Fourth edition is very "game-y," which means the actions which happen on the table may not match up with the actions as you perceive them. Since hurting people with real, live weapons relies on you making contact with that person, seeing "damage" on a person implies they've been hit by a weapon. This can lead you to say "If I've hurt someone, I've hit them." (Which is a very reasonable statement.)

This is not so in 4e. Due to its "gameiness," words like "hit" have very specific meanings. In this case, a "hit" is whenever you beat a character's defense value (AC/Fort/Ref/Will) on an attack roll. A "miss" is when you fail to overcome the defense value. It has nothing to do with if you deal damage or not.

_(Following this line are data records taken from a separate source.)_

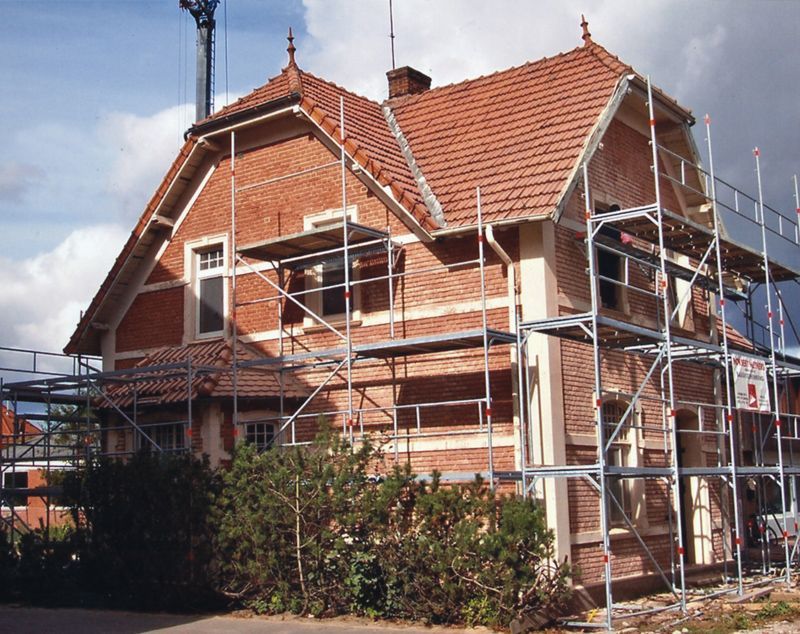 Ein großes Backsteinhaus mit Gerüst darum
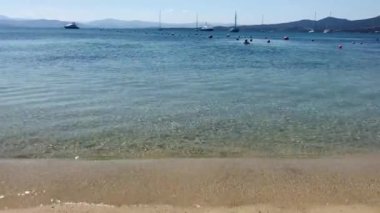 Sessiz deniz dalgaları açık bir günde kumda koşar. Dağın ufuklarında, yatlarda, bir adam yüzer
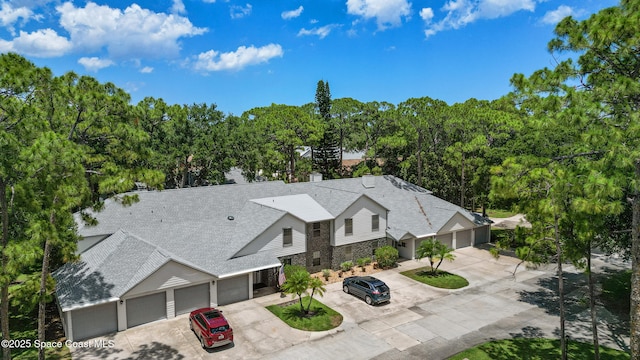 9020 Brighton Ct Unit 4-H, West Melbourne, FL 32904 - aerial view of property and surrounding area featuring a tree filled landscape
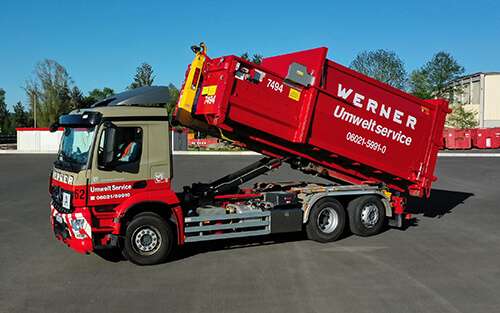 Abrollkipper mit Ladekran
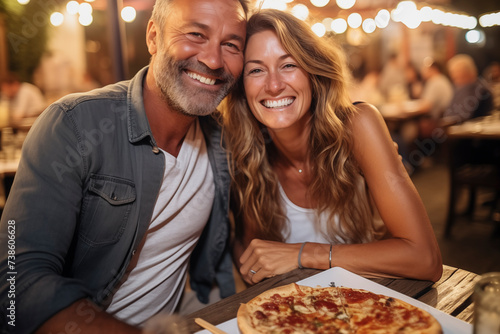 Happy adult cute couple have fun eating a pizza together outdoor in traditional italian pizzeria restaurant sitting and talking and laughing. People enjoying food and travel lifestyle. Tourism photo
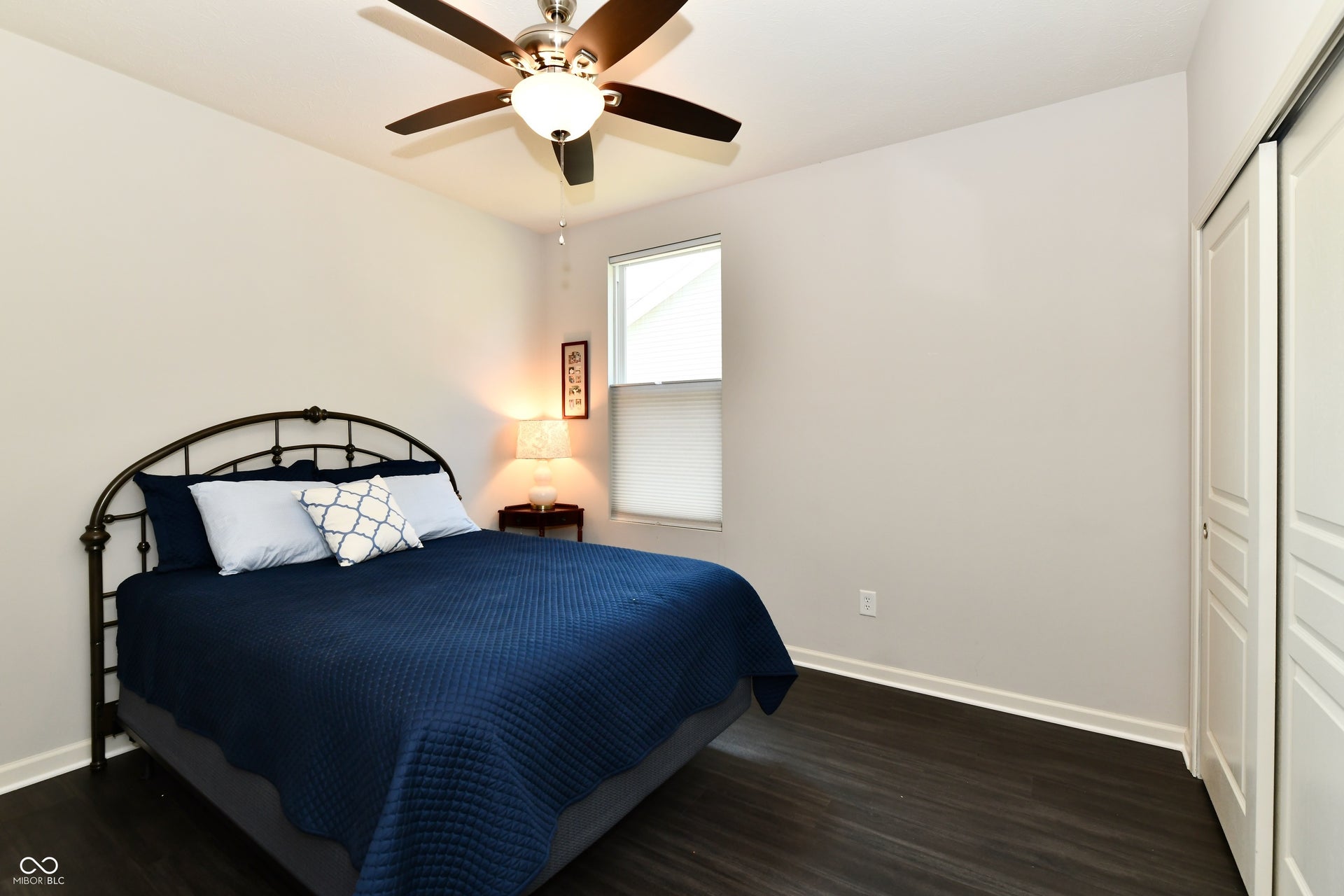 White baseboards and LVP flooring complete the second bedroom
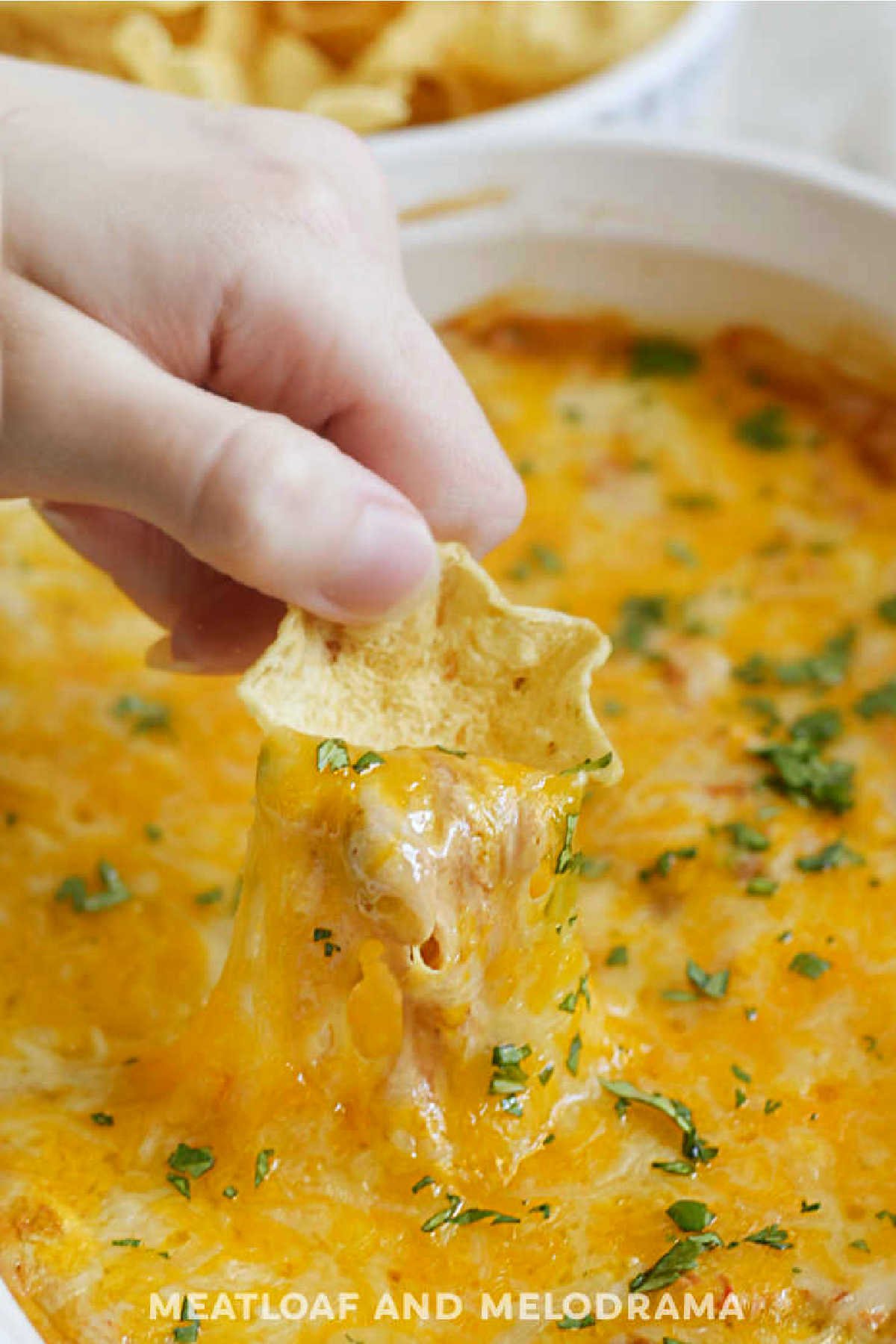 bean dip with gooey cheddar cheese pull on tortilla chip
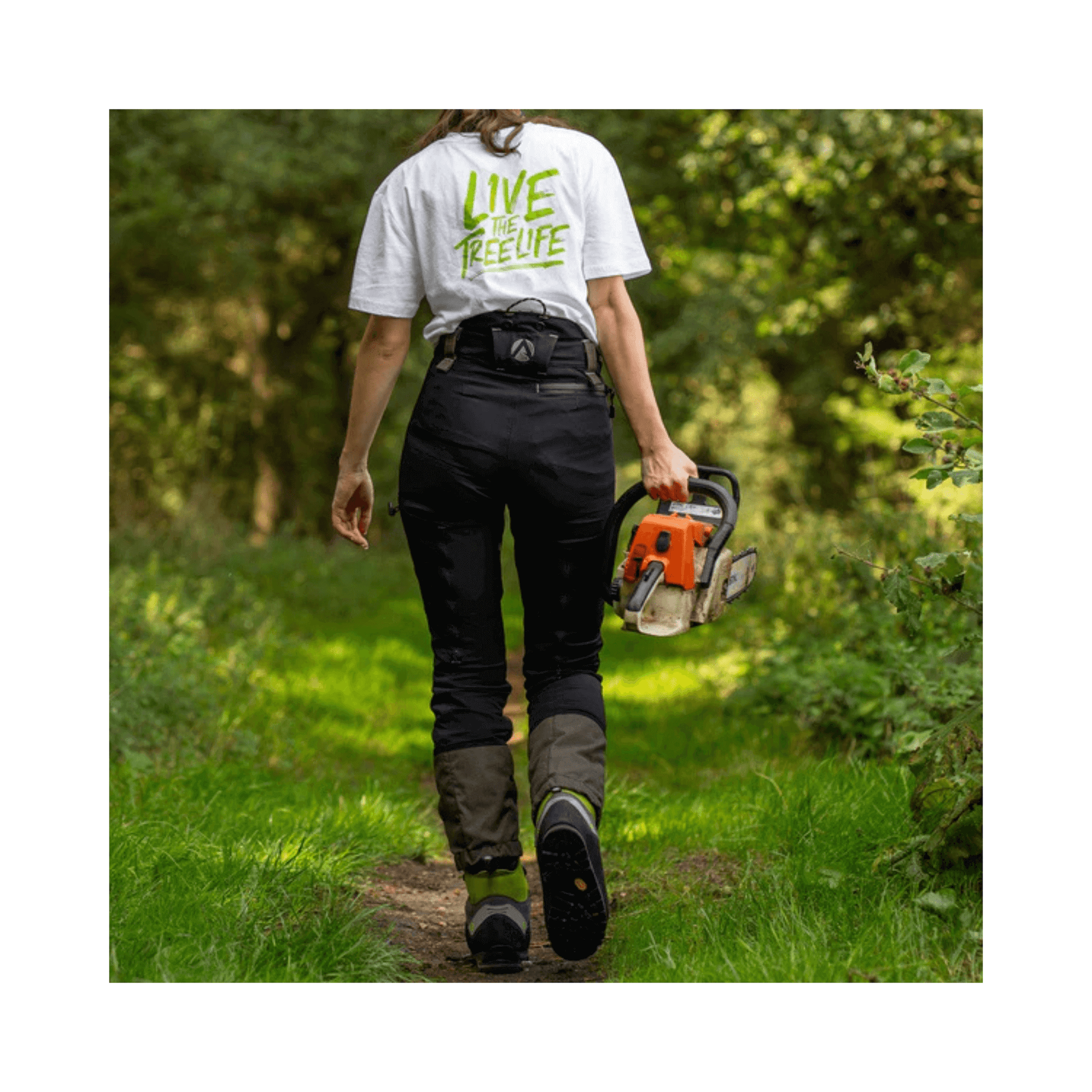 Breatheflex Pro Womens Chainsaw Trousers Type C Black worn by arborist walking on a forest path with chainsaw.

If you take everything in D&D 4e as representing something in real life, you should really wonder why damage happens when a character totally and utterly misses their target. Even more so when a specific power is used. This is that "game-y" part of D&D 4e overriding what we would expect from real-life experience. People whose prior RPG experience is with "simulationist" games may find this sort of thing hard to adjust to.

  • 4
    \$\begingroup\$ Good answer. Might be worth noting in your last paragraph: hit points in D&D 4e don't necessarily represent physical harm; they can also represent fatigue and other factors. Dealing damage even if you missed could be interpreted as the stress of merely getting away from the attack! (You've probably seen a movie scene where someone has a beast snapping its jaws at them, and they have to put all their strength into keeping it just far enough away.) \$\endgroup\$ Commented Apr 16, 2014 at 2:36
  • \$\begingroup\$ We shan't get into the details of this here, but the last paragraph in the post was just one example; there are many more. I suggest looking at the videos on this link to learn more about this: extra-credits.net/?s=mechanics \$\endgroup\$
    – PipperChip
    Commented Apr 16, 2014 at 17:17

You must log in to answer this question.

Not the answer you're looking for? Browse other questions tagged .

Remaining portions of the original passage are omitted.